I’ve been trying to teach her that she can have power over her thoughts. I explain that when a painful memory pops into her head, she can choose to focus on it, or push it aside.
I know that trying NOT to think about something is actually thinking about it. So I help her replace the thought: together we remember good things that she can think about instead. This technique always works with my boys. Unfortunately, it only works half the time with Jocelyn.
But just the other morning, by complete accident, Jocelyn gave me a whole new approach that I think is the answer to her problem.
As Jocelyn was eating breakfast before school, the microwave kept beeping, letting us know my bone broth was warmed and ready. I was busy packing her lunch box and water bottle into her backpack, and didn’t get to the microwave for a bit. After about the fifth beep, Jocelyn said, “I want to help you. But remember that time I tried to get your bone broth out of the microwave and I burned myself? That really hurt.” She then started to get upset thinking about how much pain that burn had caused.

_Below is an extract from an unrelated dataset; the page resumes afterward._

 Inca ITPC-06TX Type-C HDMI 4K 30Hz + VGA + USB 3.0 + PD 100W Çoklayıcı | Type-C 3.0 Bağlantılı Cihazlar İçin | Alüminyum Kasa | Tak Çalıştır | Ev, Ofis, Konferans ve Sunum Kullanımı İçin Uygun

Although she was focusing on the second half of her comment, the first half kept replaying in my mind. It finally hit me why: she had just given me the tactic I had been searching for for years.
“Jocelyn, you’re a genius!” I exclaimed. “You used a bad memory to help you learn something good. You wanted to help me, but you remembered what happened last time, and you didn’t want to repeat that. You are so smart!”
In the short time I spoke, she went from being on the verge of tears, to beaming with pride. Giving her bad memory a good purpose reframed it, and put it in its place. If she ever digs it up again, she’ll know, like a coin, that there are two sides to that memory. She can then flip it to see the good.
We’ve all made mistakes, and lived through big issues and tragedies. Life is hard, and it always will be. But if we can look on the flip side of our difficult memories, and learn from them, we give them purpose. Each time we do, that experience becomes a coin in our wisdom treasure chest. The more coins we collect, the richer in wisdom we become.
Questions For Reflection:
* Do I ever rehash old mistakes and issues, reliving the bad feelings they stir up?
* Have I learned the lessons those memories carry in their hands?
* Can I now reframe those memories and only reflect on the positive they’ve brought to my life?